Le dos courbé et le regard cloué sur un petit garçon qui s'amuse dans le parc, je médite. J'ai passé toute ma vie à espérer que l'on m'adresse les mêmes messages que j'envoie, la même affection que je donne, pour finalement me retrouver relégué au second plan. Je n'ai pas la chance de prétendre à ma place sur un piédestal. Pourquoi ai-je grandi en m'imaginant devenir un roi aux yeux de quelqu'un ? Je ne suis qu'un navire sans capitaine, remorqué par des vents contraires.

— Non.

Alexandra tourne la page.

— Tu as tendance à te sentir trahi ?

— Oui.

— Tu as des crises d'angoisse ?

— Aussi, admis-je.

— Qui se multiplient de semaine en semaine ?

— Oui.

— D'accord, note-t-elle. Tu as eu des troubles alimentaires, il y a peu ?

Mes nerfs tressautent.

— Une fois ou deux.

Ce n'est pas ainsi que j'aime travailler. J'ai mis du temps à m'ouvrir à ces consultations, mais maintenant, je préfère dialoguer pour donner un véritable sens à mes maux. Alexandra me soutire des réponses auxquelles je n'ai pas le droit de réfléchir, ou très peu, et je n'en saisis pas le but.

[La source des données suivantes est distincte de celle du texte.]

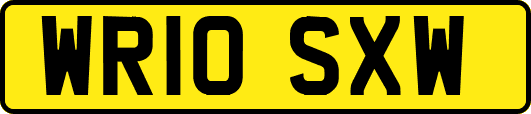 WR10SXW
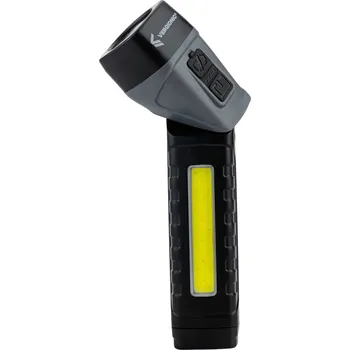 Venkovní osvětlení Vergionic 7586 LED svítilna s 90° otočnou hlavou, IP53, 2 W, 800 mAh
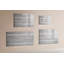 Magnetic Glass Dry Erase Board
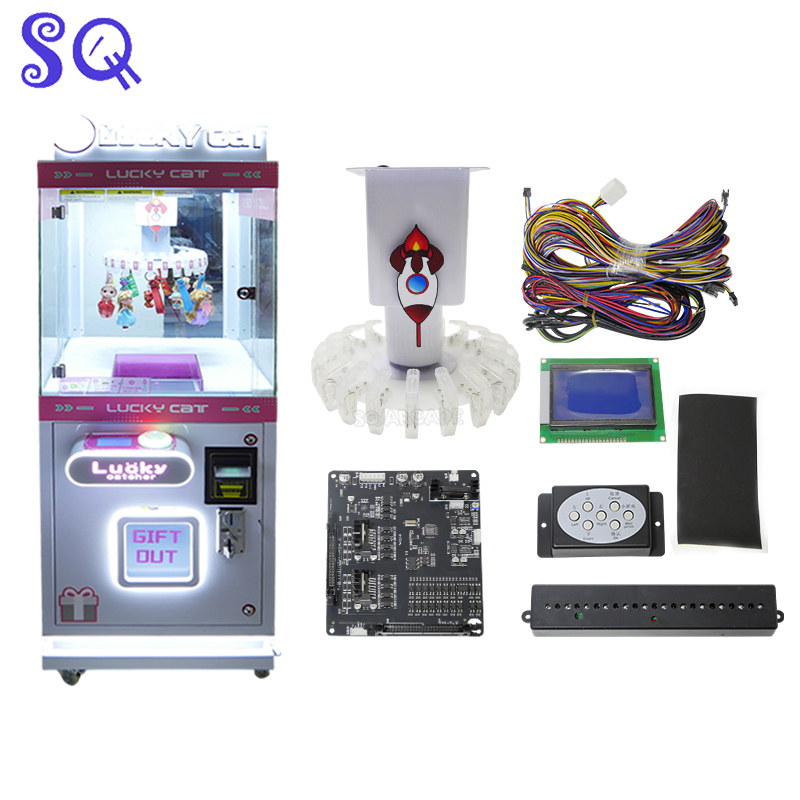 Gift Clamp Machine Prize 20 Cl - Whack A Mole Arcade review and price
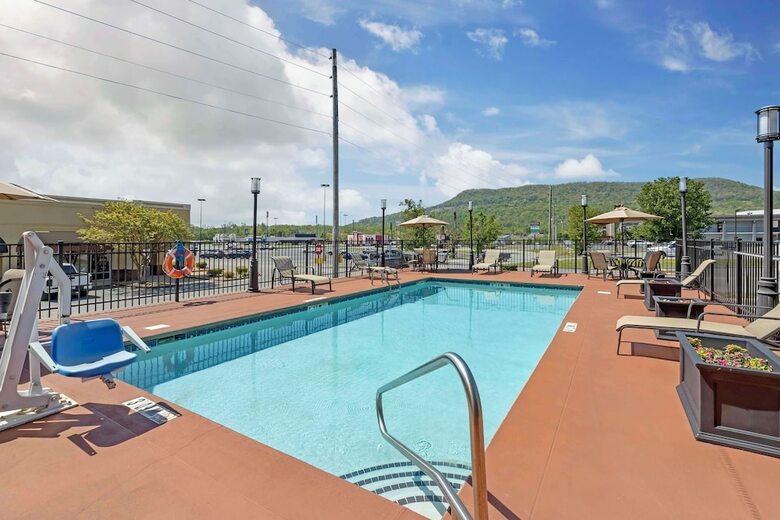 Hotel Comfort Inn Kimball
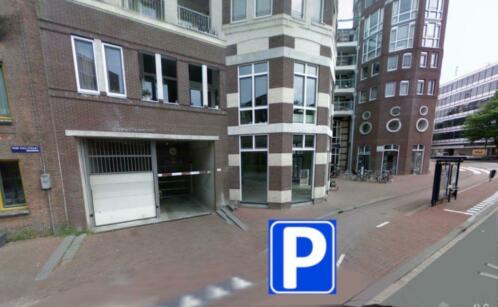 Parkeergarage Amsterdam westerpark centrum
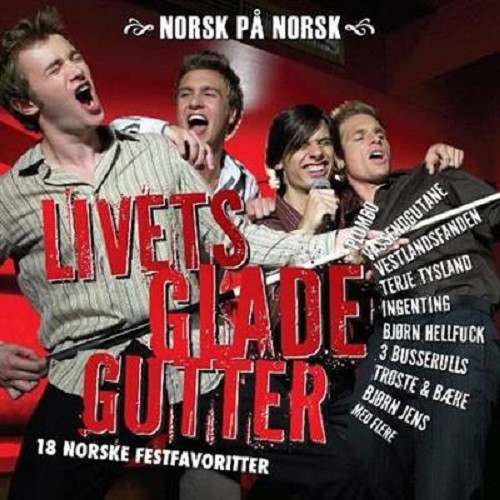 Livets Glade Gutter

— Tu as déjà songé au suicide ?

— Je veux pas mourir.

Mon ton est sec. Elle lève les yeux de son document pour me sonder. Le reflet d'une voiture fournit de l'éclat à sa peau diaphane.

— C'est bien, au contraire, tente-t-elle de me rassurer. Pourquoi t'énerves-tu ?

— Parce que je n'ai plus que ça, ces derniers temps. De la colère.

Je pétris mes mains pour les détendre, puis détaille dans un soupir :

— On me pousse à bout. Je veux vivre, Alexandra, bien sûr que je le veux ! Mais mes émotions sont en mauvaise santé. Et je ne parle même pas de mon cœur.

— Tu n'acceptes pas ton diagnostic, conclut-elle avec douceur.

— J'y arrive pas.

— Parce que le changement te décourage.

Elle pose sa pochette sur la petite table, à côté du vase.

— C'est ce qui se produit, enchaîne-t-elle en prenant ses doigts pour compter. En cinq mois, tu as quitté le lycée, tu as eu un accident à moto, tu as su que tu avais une pathologie cardiaque, tu as arrêté la danse et tu as été l'objet d'un éloignement amical. Tu ne penses pas que ça fait beaucoup ?

— Si.

— Tu es épuisé. Pour pouvoir combattre le changement, il te faut du répit. Tu ne peux pas te poser et contempler ton reflet dans une rivière agitée. La clarté n'émerge que si le courant se calme. Apprends à respirer.

Je le voudrais bien, mais l'oxygène se cristallise en flocons affûtés. Ma voix se réduit en charpie.

— J'ai fait une bêtise.

À ces mots, Alexandra s'enfonce dans le dossier du canapé. Elle recommence sa coiffure à l'aide d'un crayon de couleur jaune et récupère son carnet sur la table basse.